UNITED STATES
SECURITIES AND EXCHANGE COMMISSION

 

Washington, D.C. 20549

 

FORM 8-K
Current Report

 

Pursuant to Section 13 or 15(d) of the Securities Exchange Act of 1934

 

Date of Report (date of earliest event reported): April 28, 2017

 

LION BIOTECHNOLOGIES, INC.
(Exact Name of Registrant as Specified in Charter)

 

Nevada
(State of Incorporation)
 
001-36860   75-3254381
Commission File Number   (I.R.S. Employer Identification No.)
     
999 Skyway Road, Suite 150    
San Carlos, California   94070
(Address of Principal Executive Offices)   (Zip Code)
     
(650) 260-7120
(Registrant’s Telephone Number, Including Area Code)
 

Check the appropriate box below if the Form 8-K filing is intended to simultaneously satisfy the filing obligation of the registrant under any of the following provisions:

 

¨ Written communications pursuant to Rule 425 under the Securities Act (17 CFR 230.425).

 

¨ Soliciting material pursuant to Rule 14a-12 under the Exchange Act (17 CFR 240.14a-12).

 

¨ Pre-commencement communications pursuant to Rule 14d-2(b) under the Exchange Act (17 CFR 240.14d-2(b)).

 

¨ Pre-commencement communications pursuant to Rule 13e-4(c) under the Exchange Act (17 CFR 240.13e-4(c)).

 

Indicate by check mark whether the registrant is an emerging growth company as defined in as defined in Rule 405 of the Securities Act of 1933 (§230.405 of this chapter) or Rule 12b-2 of the Securities Exchange Act of 1934 (§240.12b-2 of this chapter).

Emerging growth company ¨

 

If an emerging growth company, indicate by check mark if the registrant has elected not to use the extended transition period for complying with any new or revised financial accounting standards provided pursuant to Section 13(a) of the Exchange Act. ¨

 

 

 

 

Item 1.01. Entry into a Material Definitive Agreement.

 

On April 28, 2017, Lion Biotechnologies, Inc. (the “Company”) entered into a sublease agreement (the “Sublease”) with Teradata US, Inc., which remains subject to the consent of the landlord, pursuant to which the Company agreed to sublease certain office space located adjacent to the Company's headquarters in San Carlos, California.  The Sublease provides for additional space needed to accommodate the recent growth of the Company.  The space consists of approximately 11,449 rentable square feet in the building located at 999 Skyway Landing Road, San Carlos, California 94070.  This additional subleased space will be used by the Company for administrative and other corporate purposes.

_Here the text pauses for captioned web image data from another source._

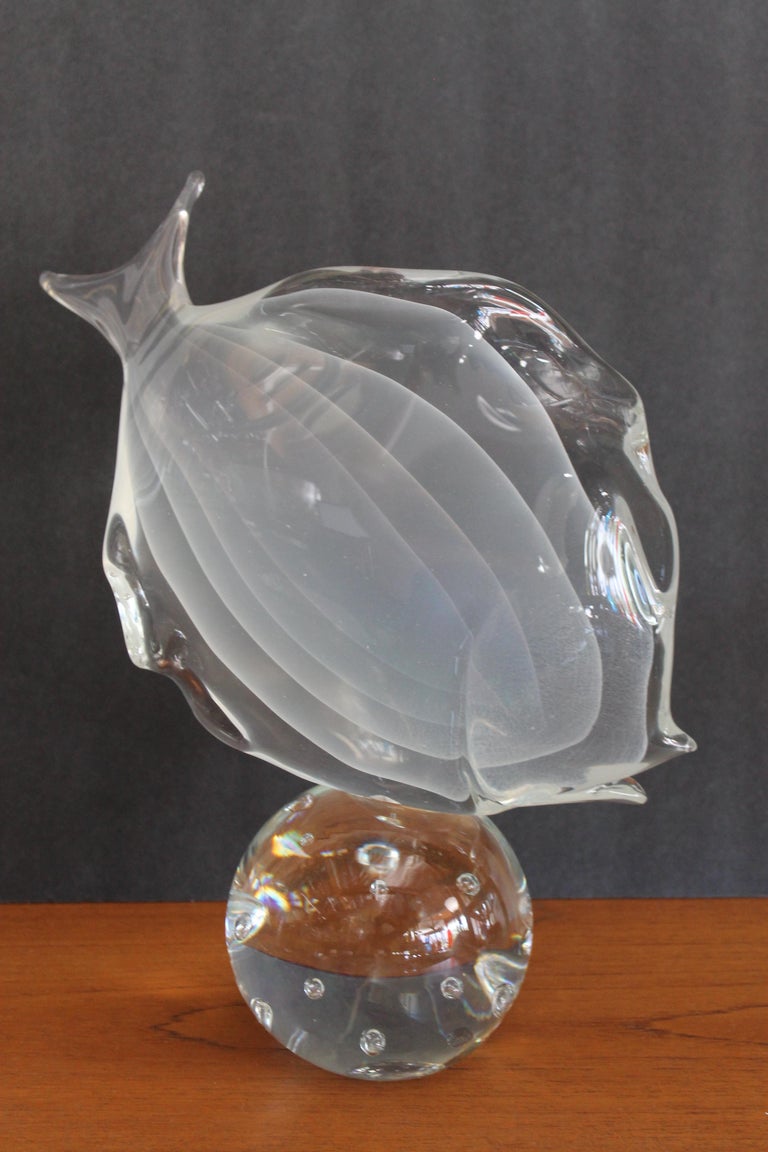 Murano Glass Fish Sculpture by Licio For Sale at 1stDibs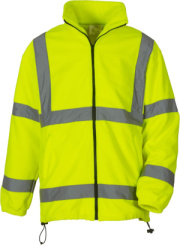 Hi-Vis flísová bunda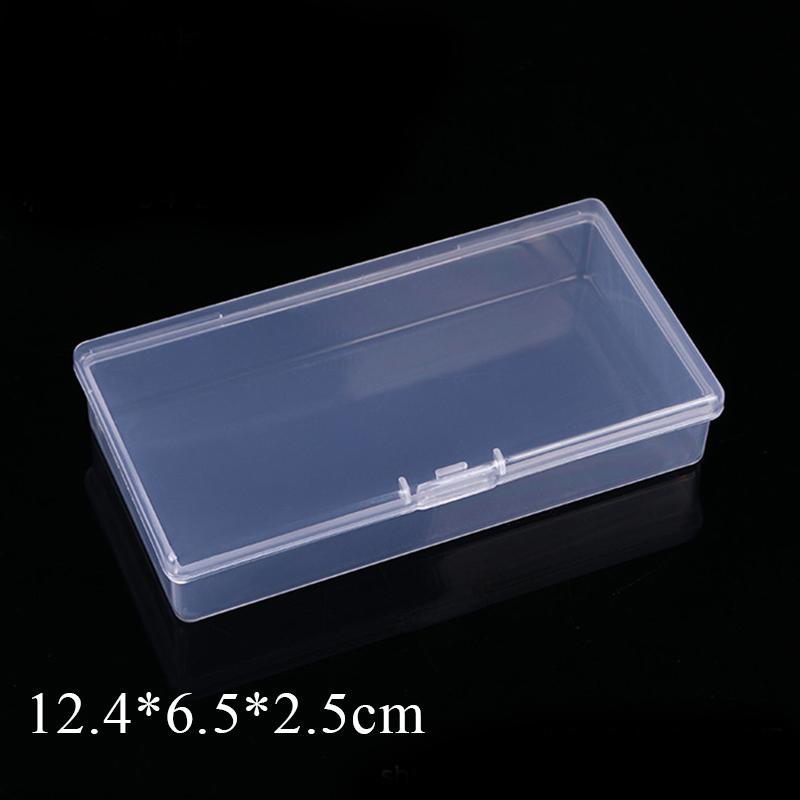 New Stationery Stickers Plastic Storage Box Organizer Transparent Desktop Storage Container Plastic Art Tool Case for Craft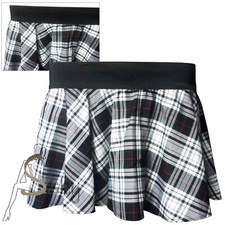 Stylish Ladies Tartan Check Full Circle Mini Skirt with Elasticated Waist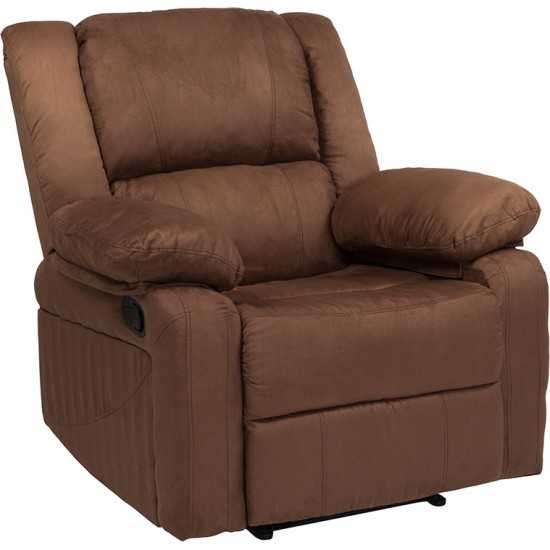 Harmony Series Chocolate Brown Microfiber Recliner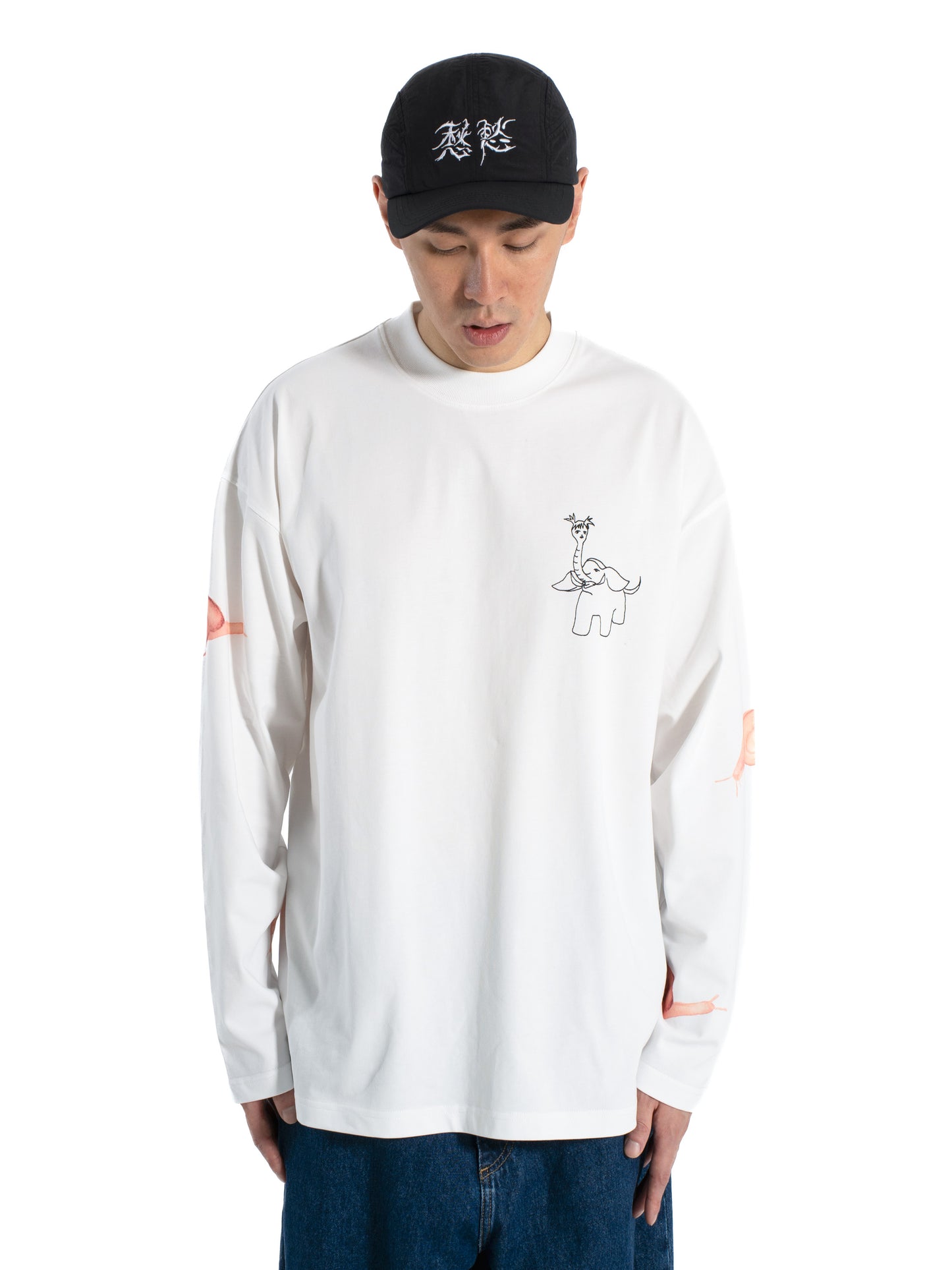 Same Paper x Wen Jun "Chouchou Lake" Long Sleeve White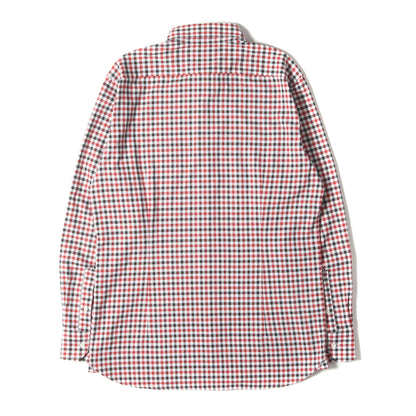 ギンガムチェック ボタンダウン クールマックス シャツ (H1M21-619) / TROTTER SHIRT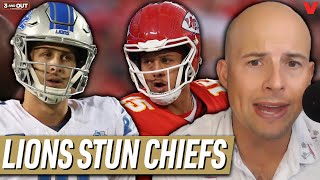 Lions-Chiefs Reaction: KC offense in disarray without Kelce, Detroit looks playoff-ready | 3 & Out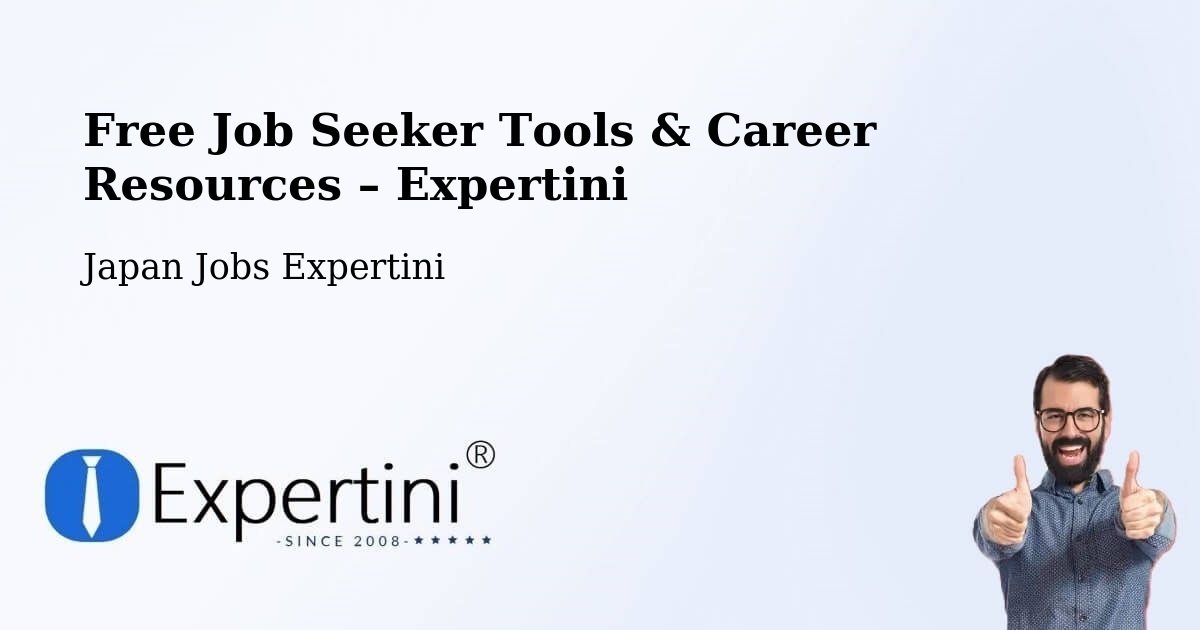 Free Job Seeker Tools & Career Resources – Fukushima - Fukushima, Japan Jobs Expertini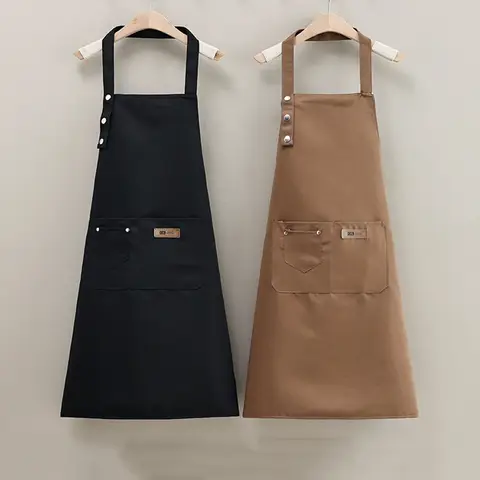 महिलाओं और पुरुषों के लिए नए फैशन रसोई एप्रन, ग्रिल रेस्तरां, बार, दुकान, कैफे, सौंदर्य, नाखून स्टूडियो, वर्दी के लिए शेफ कार्य एप्रन 8 best sales नाखून एप्रन - №5
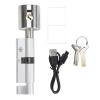 Smart Biometric Fingerprint Indoor Lock Fast Recognition Low Power Consumption App Controlled for Home Security view 1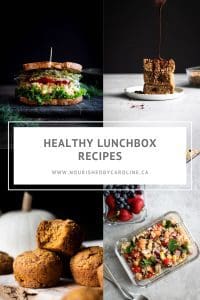 healthy lunchbox recipes pin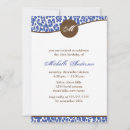 Search for blue leopard invitations Modern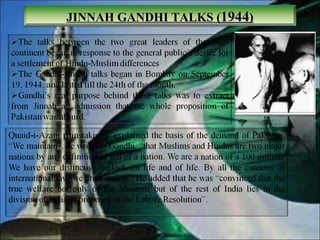 JINNAH GANDHI TALKS (GANDHI TALKS (19441944))
 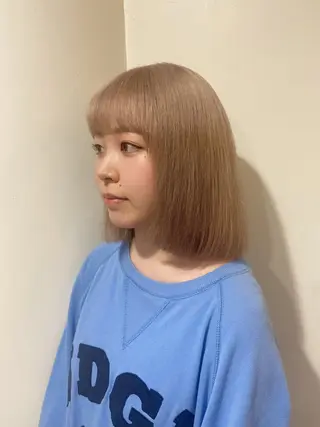 ミディアム カラー 浅野 匠のヘアスタイル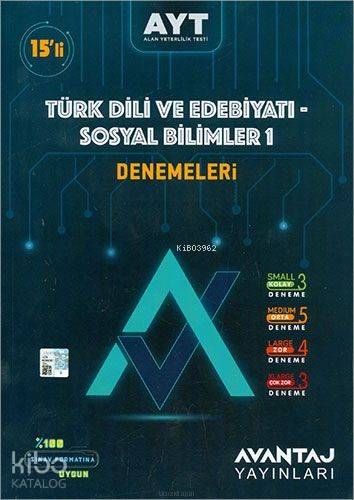 Avantaj Yayınları AYT Türk Dili ve Edebiyatı Sosyal Bilimler 1 Denemeleri Avantaj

The term of the Sublease will commence ten days after the landlord consents in writing to the Sublease, and will expire on October 31, 2018.

 

The preceding summary does not purport to be complete and is qualified in its entirety by reference to the Sublease, which is filed as Exhibit 10.1, and which is incorporated herein by reference.

 

Item 2.02. Results of Operations and Financial Condition.

 

On May 1, 2017, the Company issued a press release announcing its financial results for the first quarter ended March 31, 2017 and an update on recent developments. A copy of that press release is furnished as Exhibit 99.1 and is incorporated by reference herein.

 

The information furnished under this Item 2.02, including the accompanying Exhibit 99.1, shall not be deemed to be “filed” for the purposes of Section 18 of the Securities Exchange Act of 1934 (the “Exchange Act”), or otherwise subject to the liability of such section, nor shall such information be deemed to be incorporated by reference in any subsequent filing by the Company under the Securities Act of 1933 or the Exchange Act, regardless of the general incorporation language of such filing, except as specifically stated in such filing.

 

Item 9.01 Financial Statements and Exhibits

 

(d) Exhibits.

 

Exhibit No.   Description
10.1   Sublease Agreement, entered into as of April 28, 2017, between Lion Biotechnologies, Inc. and Teradata US, Inc.
99.1   Press Release of Lion Biotechnologies, Inc., dated May 1, 2017.

  

1

 

 

SIGNATURES

 

Pursuant to the requirements of the Securities Exchange Act of 1934, the Registrant has duly caused this Report to be signed on its behalf by the undersigned hereunto duly authorized.

 

Date: May 1, 2017 LION BIOTECHNOLOGIES, INC.